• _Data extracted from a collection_
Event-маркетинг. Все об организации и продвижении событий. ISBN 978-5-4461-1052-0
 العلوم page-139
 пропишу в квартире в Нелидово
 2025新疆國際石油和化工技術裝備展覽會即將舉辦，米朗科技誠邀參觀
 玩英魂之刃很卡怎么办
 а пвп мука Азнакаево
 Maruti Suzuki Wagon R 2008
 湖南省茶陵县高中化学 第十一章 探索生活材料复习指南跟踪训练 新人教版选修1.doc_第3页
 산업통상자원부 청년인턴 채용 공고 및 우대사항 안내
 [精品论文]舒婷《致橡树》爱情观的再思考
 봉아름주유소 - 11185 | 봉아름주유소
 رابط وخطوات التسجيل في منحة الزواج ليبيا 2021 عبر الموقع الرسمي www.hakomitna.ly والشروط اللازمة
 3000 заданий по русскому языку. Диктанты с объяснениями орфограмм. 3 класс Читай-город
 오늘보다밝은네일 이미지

• _Your objective_
The required answer is every line of the data, duplicated exactly.

• _Finished exercise_
Event-маркетинг. Все об организации и продвижении событий. ISBN 978-5-4461-1052-0
 العلوم page-139
 пропишу в квартире в Нелидово
 2025新疆國際石油和化工技術裝備展覽會即將舉辦，米朗科技誠邀參觀
 玩英魂之刃很卡怎么办
 а пвп мука Азнакаево
 Maruti Suzuki Wagon R 2008
 湖南省茶陵县高中化学 第十一章 探索生活材料复习指南跟踪训练 新人教版选修1.doc_第3页
 산업통상자원부 청년인턴 채용 공고 및 우대사항 안내
 [精品论文]舒婷《致橡树》爱情观的再思考
 봉아름주유소 - 11185 | 봉아름주유소
 رابط وخطوات التسجيل في منحة الزواج ليبيا 2021 عبر الموقع الرسمي www.hakomitna.ly والشروط اللازمة
 3000 заданий по русскому языку. Диктанты с объяснениями орфограмм. 3 класс Читай-город
 오늘보다밝은네일 이미지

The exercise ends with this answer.